##### DATA PROVIDED #####

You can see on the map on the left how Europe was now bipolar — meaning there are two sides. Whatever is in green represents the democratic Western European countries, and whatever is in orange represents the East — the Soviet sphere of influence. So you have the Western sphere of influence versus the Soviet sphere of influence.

#####
##### DATA PROVIDED #####

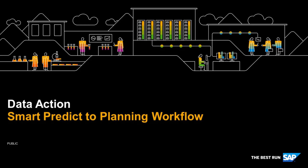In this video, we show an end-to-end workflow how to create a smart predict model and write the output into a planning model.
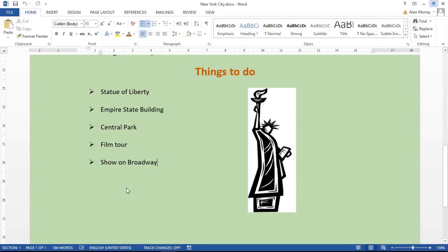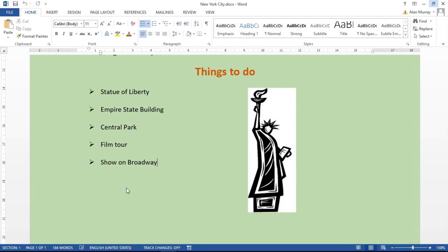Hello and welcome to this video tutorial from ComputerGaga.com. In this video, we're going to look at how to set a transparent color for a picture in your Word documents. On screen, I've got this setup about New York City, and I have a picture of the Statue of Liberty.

#####

- WHAT YOU ARE ASKED TO DO
Pictures do not belong in the answer. Return the lines above starting at the one with "In this video, we show" and ending at the one with "Hello and welcome", both kept, exactly.

- EXERCISE SOLUTION
In this video, we show an end-to-end workflow how to create a smart predict model and write the output into a planning model.
Hello and welcome to this video tutorial from ComputerGaga.com. In this video, we're going to look at how to set a transparent color for a picture in your Word documents. On screen, I've got this setup about New York City, and I have a picture of the Statue of Liberty.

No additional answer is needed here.